Le droit n’aime pas le chaos. La preuve, le Code des assurances ne définit pas le risque de guerre, rappelait le 4 février dernier le professeur Anne Pélissier, à l’occasion d’un atelier tenu lors des 33es Rencontres du Risk Management, organisées par l’Amrae à Deauville. La jurisprudence non plus, d’ailleurs, « qui s’adapte », selon la créatrice du Master 2 Droit des assurances de l’université de Montpellier. Seule la doctrine éclaire les notions de guerre étrangère et de guerre civile ; c’est dire si « la prudence est de mise ». Quant à la désignation d’un événement comme étant une guerre, elle est tout aussi précautionneuse. N’a-t-il pas fallu plusieurs années pour qualifier de guerre « les événements » d’Algérie ?
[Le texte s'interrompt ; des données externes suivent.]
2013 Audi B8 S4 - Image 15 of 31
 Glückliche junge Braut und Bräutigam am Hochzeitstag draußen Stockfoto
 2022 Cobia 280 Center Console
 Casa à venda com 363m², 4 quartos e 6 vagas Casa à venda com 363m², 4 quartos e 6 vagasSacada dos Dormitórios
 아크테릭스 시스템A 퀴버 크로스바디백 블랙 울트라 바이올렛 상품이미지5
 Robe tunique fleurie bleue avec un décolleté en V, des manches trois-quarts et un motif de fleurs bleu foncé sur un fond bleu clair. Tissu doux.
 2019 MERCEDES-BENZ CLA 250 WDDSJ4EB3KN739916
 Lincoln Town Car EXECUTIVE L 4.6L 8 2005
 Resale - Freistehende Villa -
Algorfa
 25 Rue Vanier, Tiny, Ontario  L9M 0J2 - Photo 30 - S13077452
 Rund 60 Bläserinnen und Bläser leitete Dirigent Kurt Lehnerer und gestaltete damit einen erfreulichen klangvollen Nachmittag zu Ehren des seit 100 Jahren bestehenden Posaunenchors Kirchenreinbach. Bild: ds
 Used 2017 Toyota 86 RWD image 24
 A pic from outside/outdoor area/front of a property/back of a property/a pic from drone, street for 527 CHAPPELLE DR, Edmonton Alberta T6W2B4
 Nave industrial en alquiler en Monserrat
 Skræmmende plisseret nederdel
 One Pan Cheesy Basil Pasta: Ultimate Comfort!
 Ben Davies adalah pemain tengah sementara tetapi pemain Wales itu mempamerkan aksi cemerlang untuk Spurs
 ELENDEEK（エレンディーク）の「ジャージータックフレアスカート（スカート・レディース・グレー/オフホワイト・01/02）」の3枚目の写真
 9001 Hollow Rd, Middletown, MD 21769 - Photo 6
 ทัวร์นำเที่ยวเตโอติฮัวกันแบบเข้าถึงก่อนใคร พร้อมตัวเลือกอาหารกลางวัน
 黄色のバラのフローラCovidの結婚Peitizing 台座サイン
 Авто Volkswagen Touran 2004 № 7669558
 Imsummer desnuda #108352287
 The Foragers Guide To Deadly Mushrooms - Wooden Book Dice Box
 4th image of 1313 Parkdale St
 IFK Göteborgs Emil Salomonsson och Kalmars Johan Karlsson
Or, c’est bien l’événement qui est déclencheur des garanties ou de l’absence de toute prise en charge, l’assureur ne répondant pas, « sauf convention contraire, des pertes et dommages occasionnés soit par la guerre étrangère, soit par la guerre civile […] » (C. ass., art. L.121-8).
Transport maritime surexposé
Pour autant, les polices dédiées à la couverture de ces risques non ordinaires inspirent-elles les compagnies ? Ces dernières semblent frileuses sur ce marché risqué. « Ces polices ont été conçues pour faire face, mais, contrairement aux polices maritimes, elles ne sont pas adaptables. La compagnie ne peut par exemple pas se servir de l’aggravation du risque pour se retirer », expliquait James Amos, directeur souscription marine chez Axa XL. Le marché ferait donc du sur-mesure, avec des clauses en « terrestre » qui varient d’un assureur ou d’un marché à un autre, contrairement à ce qui existe en maritime.